Disclaimer: The hiking time and difficulty are based on our experience. We are experienced hikers with a good level of fitness, used to hiking long distances and scrambling. We possess good navigation skills and use a Garmin watch* with a GPS navigation map. Always check the park alerts and notes, as trail conditions change over time, which may affect the hike’s level of difficulty.

The hike to Montserrat Lookout is steep and doesn’t offer extensive views before reaching the summit (1,013m above sea level). Still, it’s worth the effort: it probably is the best and closest view you can get of Mount Barney and Mount Maroon. Plus, you get the opportunity to enjoy the calm Upper Portals.

You can do the hike in one day, but it’s also possible to do an overnight hike and spend the night at a walk-in campground at the Yamahra Creek Campsite not far from the Upper Portals. Alternatively, there are lovely places where to stay in the area to enjoy more beautiful views of the surrounding peaks. If you’ll looking for inspiration, I enjoyed my stay at The Hill Station at Barney Creek Vineyard Cottage* and Mount Barney Lodge has an excellent reputation (the views are incredible).

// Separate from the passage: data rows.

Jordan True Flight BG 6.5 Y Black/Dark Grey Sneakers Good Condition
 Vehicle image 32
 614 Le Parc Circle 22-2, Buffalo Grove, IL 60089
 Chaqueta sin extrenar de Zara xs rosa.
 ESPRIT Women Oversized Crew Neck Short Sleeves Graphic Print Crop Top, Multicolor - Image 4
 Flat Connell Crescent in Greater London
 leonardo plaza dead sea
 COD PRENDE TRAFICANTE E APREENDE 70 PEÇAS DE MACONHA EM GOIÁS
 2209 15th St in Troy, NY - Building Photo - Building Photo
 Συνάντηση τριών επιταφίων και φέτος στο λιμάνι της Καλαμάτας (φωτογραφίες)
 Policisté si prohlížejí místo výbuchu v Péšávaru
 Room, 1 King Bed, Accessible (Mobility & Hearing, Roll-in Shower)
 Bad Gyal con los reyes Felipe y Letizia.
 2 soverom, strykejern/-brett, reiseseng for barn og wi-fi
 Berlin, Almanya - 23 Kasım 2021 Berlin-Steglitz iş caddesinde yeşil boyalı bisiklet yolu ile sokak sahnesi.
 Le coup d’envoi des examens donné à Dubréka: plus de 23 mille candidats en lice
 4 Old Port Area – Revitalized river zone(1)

How to find Montserrat Lookout

1. Drive to Clear Ridge carpark or Waterfall Creek Reserve Camping Ground

The hike starts at Clear Ridge carpark. It’s only accessible by 4WD. If you don’t have a 4WD, you can walk there from Waterfall Creek Reserve Camping Ground. However, it adds 4km (8km return), and nothing is exceptional on the way – except cattle and cute rock wallabies.

I was hoping to hitchhike and get a ride, but it’s a remote area and no vehicle passed us. The start of the 4WD track is rather steep, and it took us just under 1.5hrs to reach Clear Ridge.

Start of the 4WD track at Waterfall Creek Reserve Camping Ground

2. Walk from Clear Ridge carpark to Montserrat lookout anti-clockwise

The beginning of the walking path from Clear Ridge offers nice views of the area if you don’t forget to look back. 

The track to Montserrat Lookout isn’t obvious, so stay focused. You may want to upload someone’s track on a GPS if you have one. It’s a lot easier to find your way doing the track anti-clockwise: go right at the two signs you’ll find on your way that indicate the direction to the Upper Portals. These are the only signs you will see for a long time.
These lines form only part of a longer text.